Chandler and his son went back on Sunday, Aug. 17, and put up a fourth bike with Jose's friend Oscar Perez, who was riding with Jose the night he was struck and killed by a car, allegedly driven by Glenda Rumsey. (See "'It Doesn't Seem Right'," April 3.)

"It's troubling that people can't let people get through a grieving process. ... There was certainly some anger that came up when the second bike (was removed)," Chandler said.

Chandler said the fourth bike is, perhaps, one last jab at the coward taking down the bikes. It may also be the last time the father and son put up another ghost bike in Jose's memory.

Chandler and other community bicycling advocates are wondering: Who would be motivated to remove the bikes? Rincon's memorial doesn't deny access to anything. Some may consider it an eyesore, maybe, but it is also a powerful memorial meant to remind people to share the road, and to remind people about the bright young man who lost his life.

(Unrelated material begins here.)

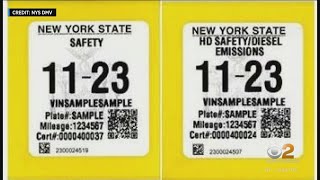 New NY DMV stickers include vehiclespecific information [upl. by Assilanna884]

Chandler says he can't help but wonder if the person or people responsible for the disappearances are close to Rumsey. After all, she's the one who is most responsible, allegedly, for the ghost bike's presence.


WHAT'S THAT IN THE WATER?

After last week's story on pharmaceuticals in Tucson's water (See "Drink This!" Aug. 14), the Tucson City Council was informed that more trace amounts of drugs had been found by a recent test.

These results--from a well on the northwest side which serves people in the Continental Ranch area--indicated that both carbamazepine and sulfamethoxazole continue to be in the water. They had also been found in the water in 2002, when the well was previously tested.

Two new drugs--Iopromide, which is used as an X-ray contrast media, and triclosan, an anti-bacterial agent--were also discovered. A third pharmaceutical found in 2002--dehydronifedipine--was not tested for this time.

Based on these results, Tucson Water will now test the water annually, instead of every three years, as previously planned, and will increase the number of wells tested.


NONE OF YOUR RELIGIOUS BUSINESS!

On Sunday, Aug. 17, the Arizona Daily Star published its primary-election information insert. It included Q&As with every Southern Arizona candidate in a contested race--including a question about what religion they practiced.

Of the almost 50 candidates included, only three didn't answer the question. While Star staffers asked the question, the Star didn't provide an explanation to The Skinny about why they asked it.

"I didn't think anything about it," observed Bennett Bernal, who is seeking the Democratic nomination as constable in Precinct 6. "But upon reflection, religion doesn't play a part in a constable race."

John Kromko is running for the state Legislature and responded to the question by stating, "I'm shocked that you'd ask."

"The time is long gone," Kromko told The Skinny, "to ask that question. It's a person's own business."

The former state House member also remembers that when he served in Phoenix, each session would begin with a legislator reciting a prayer. When his turn came, Kromko said, he read from the portion of the state Constitution which prohibits mixing politics and religion.

"I don't care if people pray," Kromko indicated, "but they shouldn't be forced to pray."

Kromko is also disappointed that so many politicians answered the Star's religion question. "This kind of mindset, where people just go along, contributes to this," Kromko said.